Mergers and Acquisitions

In the M&A process, any responsible management will require a comprehensive assessment of the legal risks relating to the corporate status, assets, contracts, securities, intellectual property, and so on, of the target company.

The ideal structure for the transaction, whether pre-deal or post-deal, may depend not only on financial and tax considerations but also on legal issues. Plus, implementing the ideal transaction structure often entails complex corporate legal documentation.

Negotiations often call for the services of a legal expert, as many legal pitfalls already need circumventing at the negotiating table.

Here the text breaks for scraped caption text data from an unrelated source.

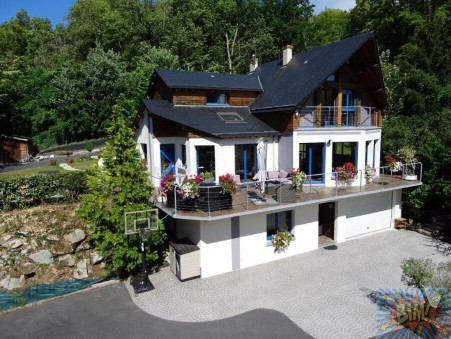 à vendre Maison haut de gamme Seine maritime 850 000 €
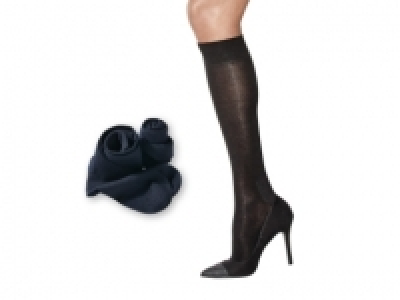 Esmara® Ladies Knee- High Socks
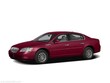 Buick Lucerne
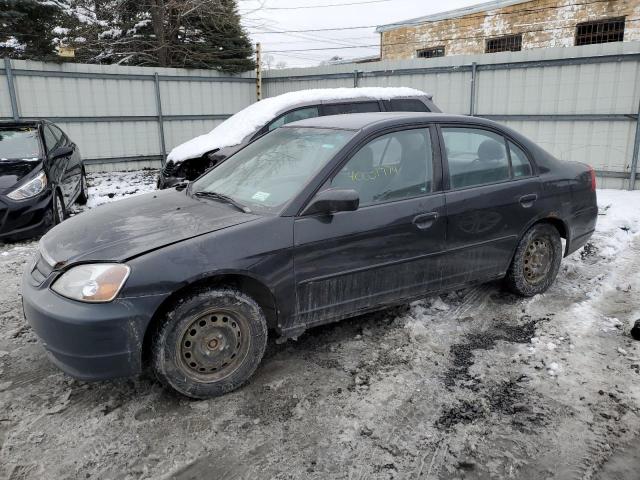 2003 Honda Civic LX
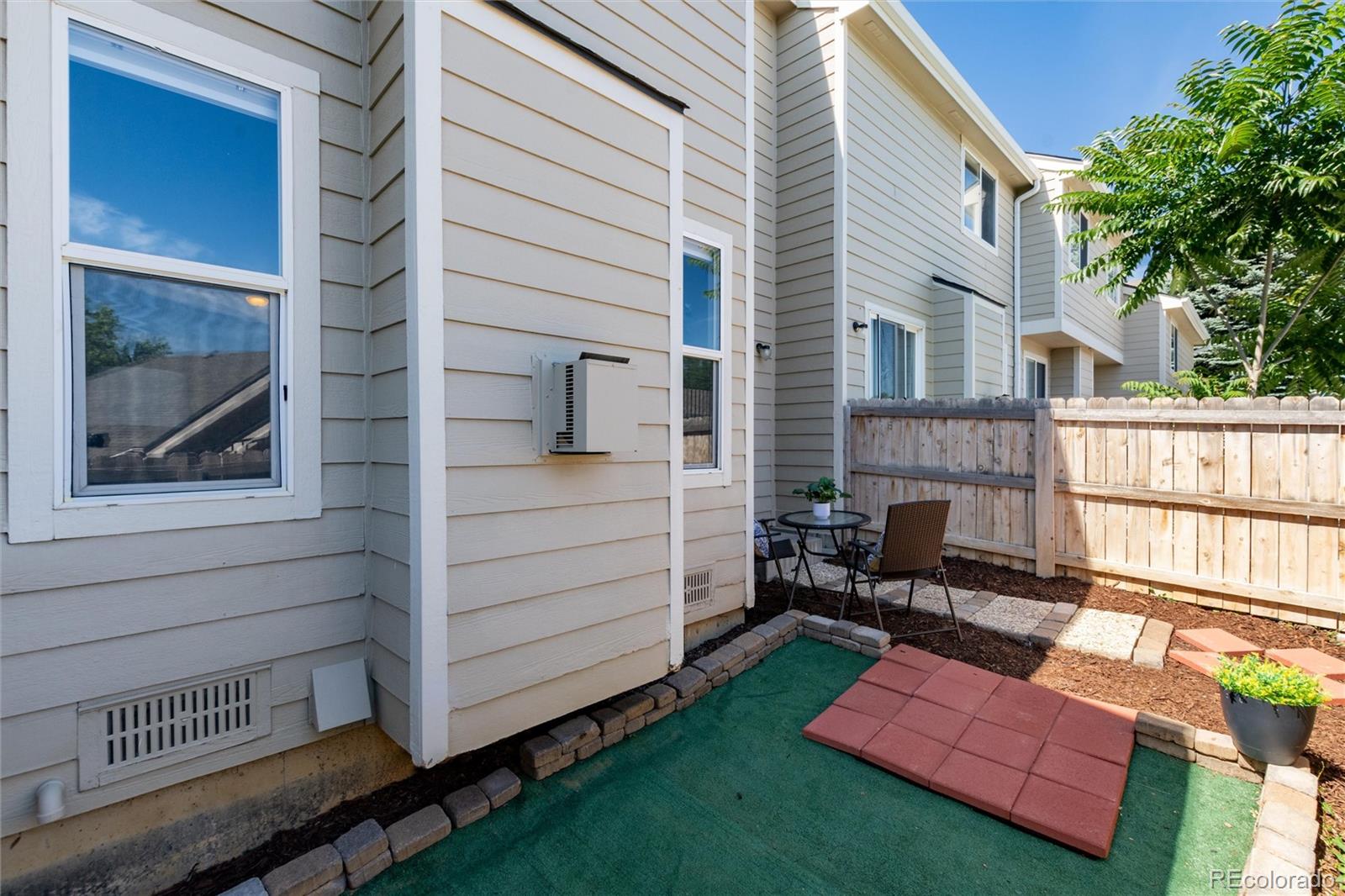 MLS Image #25 for 18397 e alabama place,aurora, Colorado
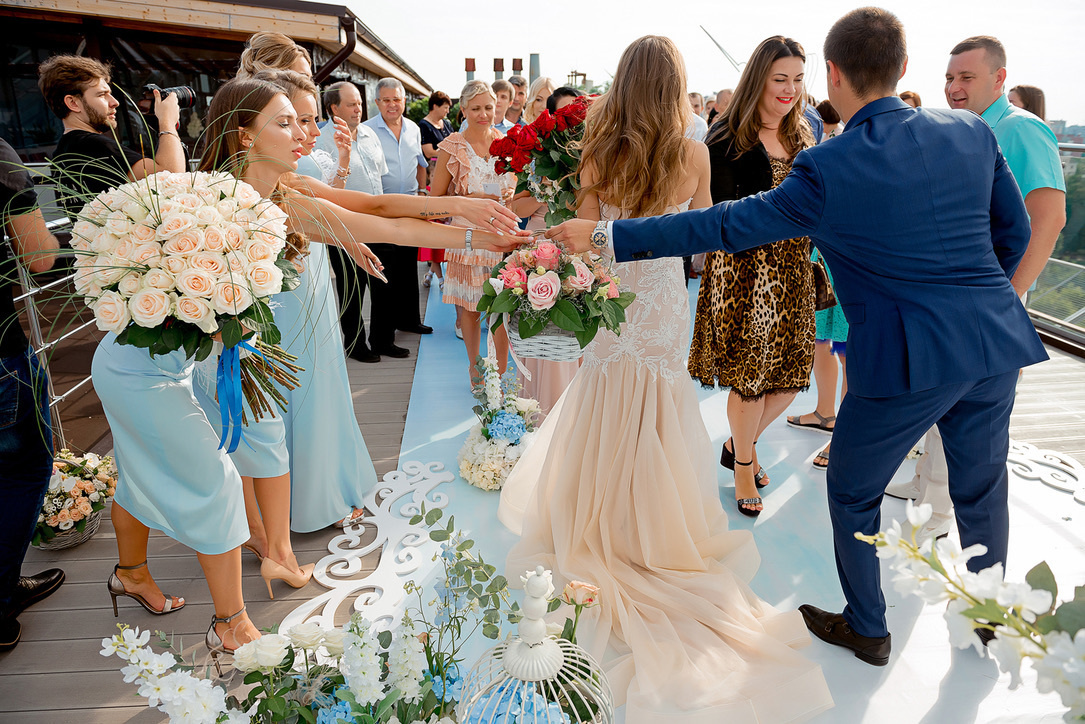 Оксана и Дмитрий. Свадебный и семейный фотограф Екатерина Шестакова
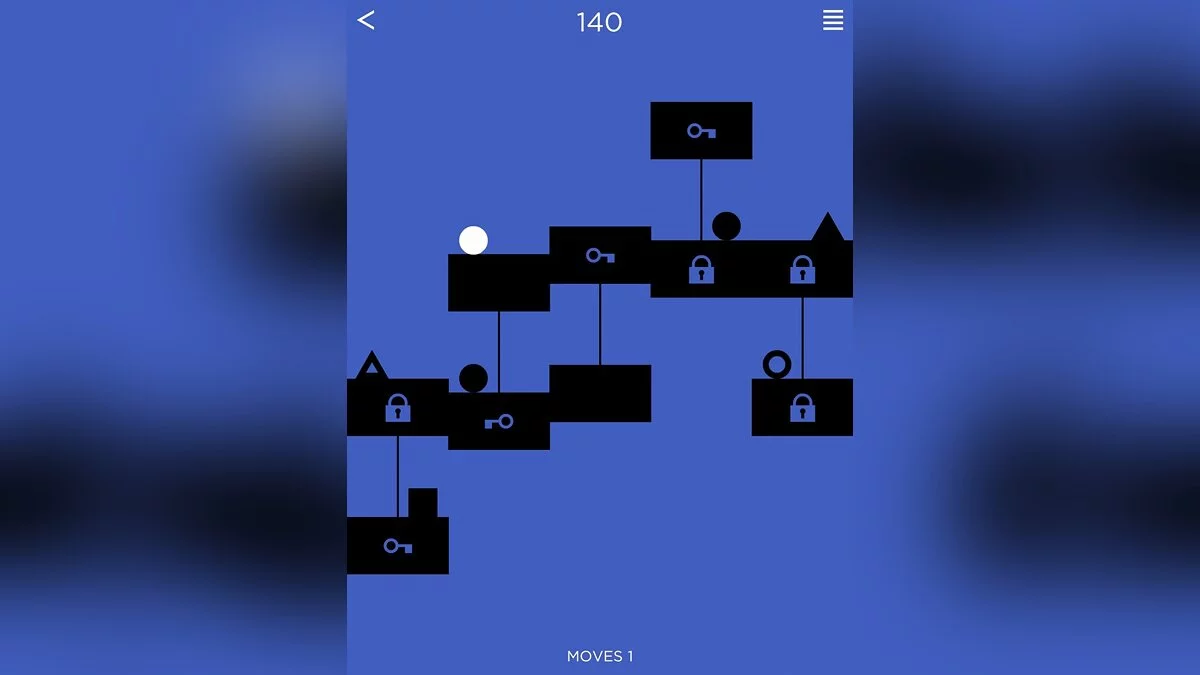 Скриншоты из Level: A Simple Puzzle Game / Картинка 8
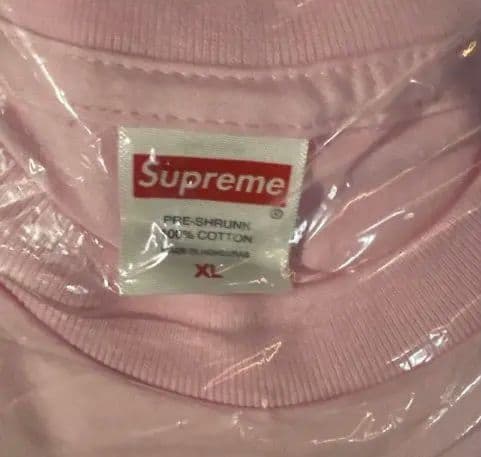 Supreme/The Exorcist　長袖シャツXL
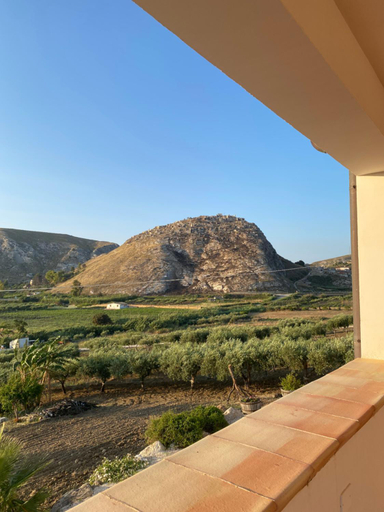 Others 5, Baglio Quadrone monte suso, Agrigento
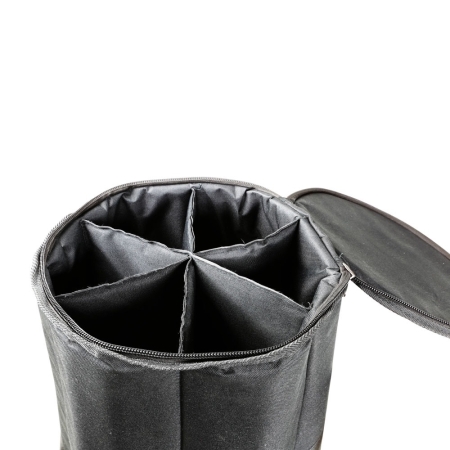 Image nº11 du produit Pack 4 pixel tubes et housse - Jb systems barres led 88 segments.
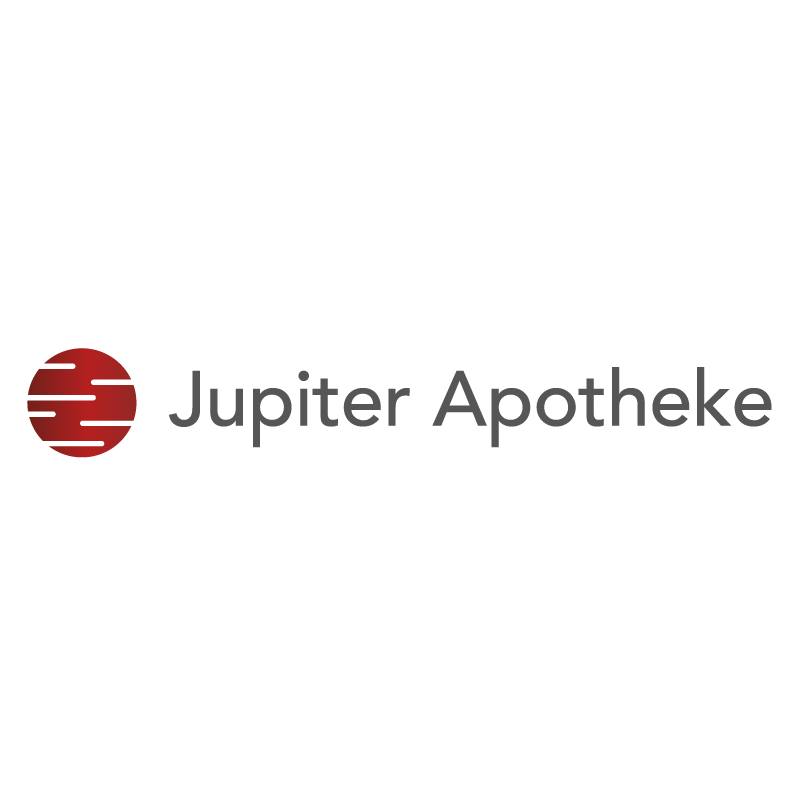 Logo der Jupiter-Apotheke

The transaction contracts and related documents can only be drafted with special attention from a business-minded lawyer.

If this is your situation

  • You’re contemplating an M&A transaction such as selling or acquiring a Belgian company or business (division), entering into a joint venture, acquiring a minority/majority interest or forming a strategic alliance.
  • You’re considering restructuring your internal group organisation or business model and also want to streamline it legally.
  • You want to assess the material legal risks involved in an M&A transaction or internal restructuring.
  • You need legal expertise at the negotiating table and in drafting the transactional or restructuring documentation, which has to be aligned with the relevant financial and tax considerations.

How PwC can help you

  • We can assist you in the contractual domain over the full transaction cycle, from negotiation to drafting, for the memorandum of understanding, the confidentiality and exclusivity agreements, the share purchase agreement, the representations and warranties, etc.
  • We can do a full legal due diligence giving an assessment of the main risks and providing solutions that may reduce risk.
  • We can reduce your M&A admin burden by setting up and managing a legal data room.
  • We can advise you on the legal aspects of the deal structure and handle its legal implementation, including carve-outs, mergers and divisions, cash-extraction mechanisms (e.g. equity strip), and setting up intra-group agreements.
  • We can assist and organise the deal closing and advise post-deal (e.g. on claims for breach of the reps and warranties or price adjustment mechanisms; action to minimise or abate the tax, legal, labour or other risks detected during the due diligence).
  • We can help you prepare all board room and shareholder decisions for post-acquisition restructuring.